## TASK INSTRUCTIONS
Show each line in the listing below that contains the word "wooden".

## SOURCE DATA
════════════════════

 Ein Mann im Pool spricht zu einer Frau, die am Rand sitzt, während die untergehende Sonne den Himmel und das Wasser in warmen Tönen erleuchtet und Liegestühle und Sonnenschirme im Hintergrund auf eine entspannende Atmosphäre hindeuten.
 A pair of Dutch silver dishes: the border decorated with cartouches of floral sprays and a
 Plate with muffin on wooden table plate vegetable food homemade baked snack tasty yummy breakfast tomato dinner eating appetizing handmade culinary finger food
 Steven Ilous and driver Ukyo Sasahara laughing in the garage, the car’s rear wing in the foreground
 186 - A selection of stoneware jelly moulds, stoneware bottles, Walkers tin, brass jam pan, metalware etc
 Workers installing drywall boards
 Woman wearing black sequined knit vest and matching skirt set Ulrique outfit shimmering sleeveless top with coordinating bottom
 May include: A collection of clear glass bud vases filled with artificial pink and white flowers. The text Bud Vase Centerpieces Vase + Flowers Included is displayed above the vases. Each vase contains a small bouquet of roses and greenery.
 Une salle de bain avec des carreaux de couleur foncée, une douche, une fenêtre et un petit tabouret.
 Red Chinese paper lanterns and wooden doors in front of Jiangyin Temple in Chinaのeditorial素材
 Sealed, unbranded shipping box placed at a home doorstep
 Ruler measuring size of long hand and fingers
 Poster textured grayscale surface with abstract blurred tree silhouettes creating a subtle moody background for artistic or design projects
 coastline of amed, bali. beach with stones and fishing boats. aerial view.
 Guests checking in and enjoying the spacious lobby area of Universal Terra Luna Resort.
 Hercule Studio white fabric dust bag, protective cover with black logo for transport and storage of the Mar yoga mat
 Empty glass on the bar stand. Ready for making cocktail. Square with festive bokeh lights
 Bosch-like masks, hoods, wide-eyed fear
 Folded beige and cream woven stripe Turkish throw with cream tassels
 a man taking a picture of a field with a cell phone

════════════════════

## RESPONSE TO THE TASK
 Plate with muffin on wooden table plate vegetable food homemade baked snack tasty yummy breakfast tomato dinner eating appetizing handmade culinary finger food
 Red Chinese paper lanterns and wooden doors in front of Jiangyin Temple in Chinaのeditorial素材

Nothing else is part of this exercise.